Wisdom, the Book of Job says, “belongs to the aged, and understanding to the old” (12:12), reminding us of the value of knowledge implanted in the elderly. Over his 93 years of life, Thomas Tlhapane has accumulated such wisdom in abundance.
Those have been years of living in faith, and a true commitment to his family, community and the Church. And years punctuated by an indefinite mountain of stories to tell about the Church and about significant periods of life past in South Africa.
Mr Tlhapane was born on December 18, 1929, in Tsitsing village near Rustenburg and was raised the third of five children in a single-parent household headed by his mother.

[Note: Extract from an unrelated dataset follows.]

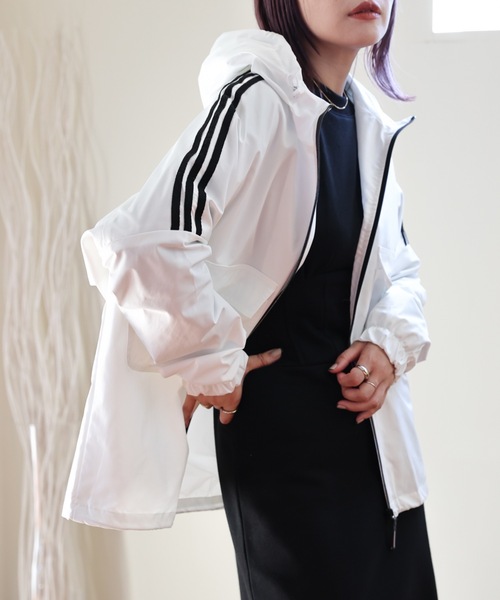 ULEULA(ウルア)の「ライン入りスポーティブルゾン(ブルゾン・レディース・ブラック/ホワイト・FREE)」の17枚目の写真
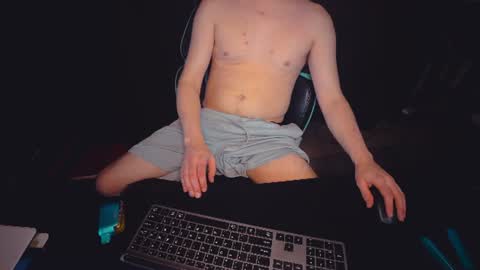 Snapshot of lukatripp chatting on 08-01-26, 07:29 lukatripp online show from 08-01-26, 07:29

At the age of ten years he started his education at a local Lutheran missionary school. In 1944, he enrolled at St Eugene Vocational College at Ga-Monnakgotla, near Randfontein. “Upon arrival at the college, I chose to convert from Lutheranism to become a Catholic. I was baptised on the Easter Sunday of 1946 at the St Eugene church, which was part of the college,” Mr Tlhapane recalled. While at the college, he acquired various vocational skills, mainly in livestock farming and agriculture.
In 1948, the college was forced to close due to the newly-elected apartheid government’s forced removals policy. The school’s staff and students were transferred to Glen Cowie Catholic Mission School, near the town of Jane Furse in the Northern Transvaal (now Limpopo). When Mr Tlhapane completed his studies in 1950, he was appointed boarding-master for the male students at the school and tasked with the job of teaching the boys livestock farming and agriculture.
Because of his bravery in dealing with the hazards of an “outback” type of environment, including constant encounters with snakes and other menaces of nature, the German missionaries gave Mr Tlhapane the nickname Tau, meaning lion.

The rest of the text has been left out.